Gli impianti a maggior rischio sono: torri di raffreddamento e condensatori evaporativi (rischio elevatissimo per la nebulizzazione); impianti di acqua calda sanitaria con serbatoi mal coibentati; docce (specialmente se poco usate); vasche idromassaggio e jacuzzi; fontane ornamentali con nebulizzatori; impianti di irrigazione per nebulizzazione; impianti idrici complessi con lunghe tubazioni o tratti a fondo cieco.
Qual è il metodo più efficace per eliminare la legionella?
Il metodo più efficace e consolidato è lo shock termico (supercloro a 70°C per almeno 30 minuti su tutto l'impianto).

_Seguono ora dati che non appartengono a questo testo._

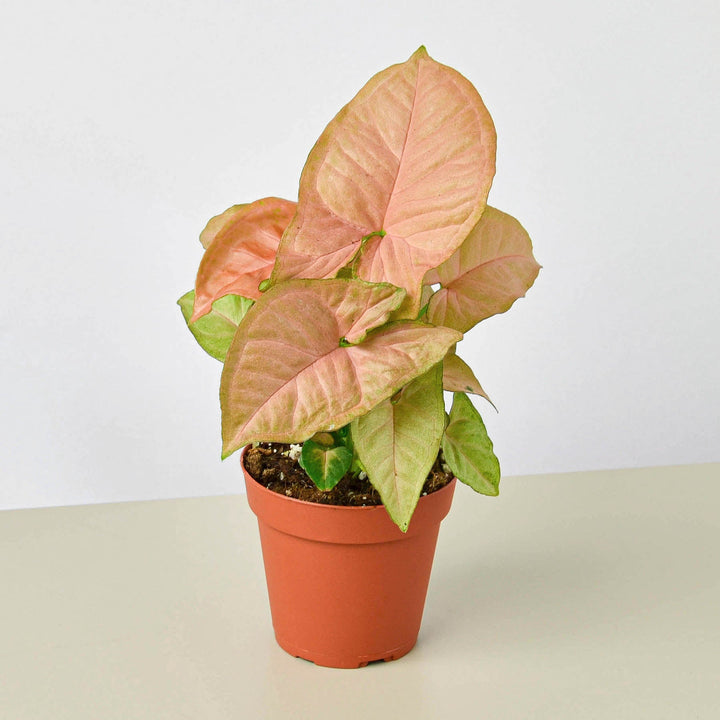 Syngonium &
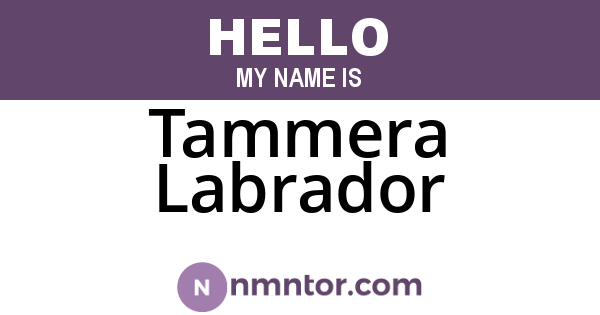 Tammera Labrador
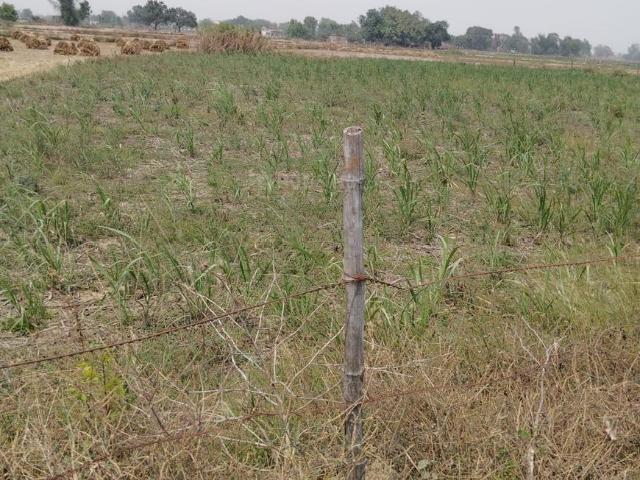 Residential Plot in Ganja for resale Ayodhya. The reference number is 20936669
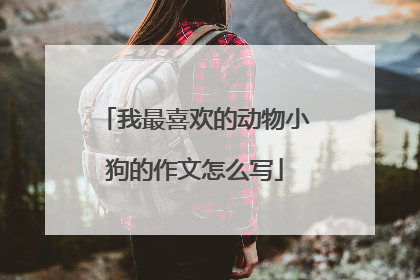 我最喜欢的动物小狗的作文怎么写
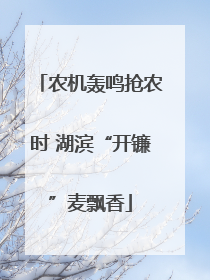 农机轰鸣抢农时 湖滨“开镰”麦飘香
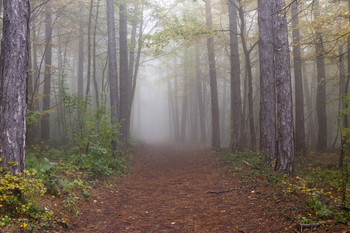 Misty forest / ...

Combinato con la clorazione chimica a concentrazioni di cloro libero residuo di 2-3 mg/L (20 mg/L per shock chimico). Per prevenzione a lungo termine, il mantenimento continuo della temperatura dell'ACS a ≥60°C nei serbatoi e ≥50°C ai punti di erogazione è la misura più efficace e normativa.
Con quale frequenza bisogna pulire e disinfettare gli impianti idrici?
La frequenza raccomandata dalle linee guida ministeriali: serbatoi ACS ogni 6 mesi (pulizia e disinfezione); docce e soffioni ogni 3 mesi (pulizia e descalcificazione); torri di raffreddamento ogni 3 mesi (pulizia completa, campionamento pre e post bonifica); filtri e addolcitori ogni 6 mesi; tubazioni a fondo cieco: eliminazione o flussaggio settimanale.
Come si forma il biofilm e perché è pericoloso per la legionella?
Il biofilm è una comunità di microrganismi che aderisce alle superfici interne delle tubazioni e dei serbatoi, incorporata in una matrice polisaccaridica. La legionella trova nel biofilm un ambiente protetto dai disinfettanti e dai protozoi che la ospitano come cellule parassite. Una volta formato, il biofilm è molto difficile da eliminare con i soli trattamenti chimici e richiede pulizia meccanica abbinata a disinfezione chimica o termica.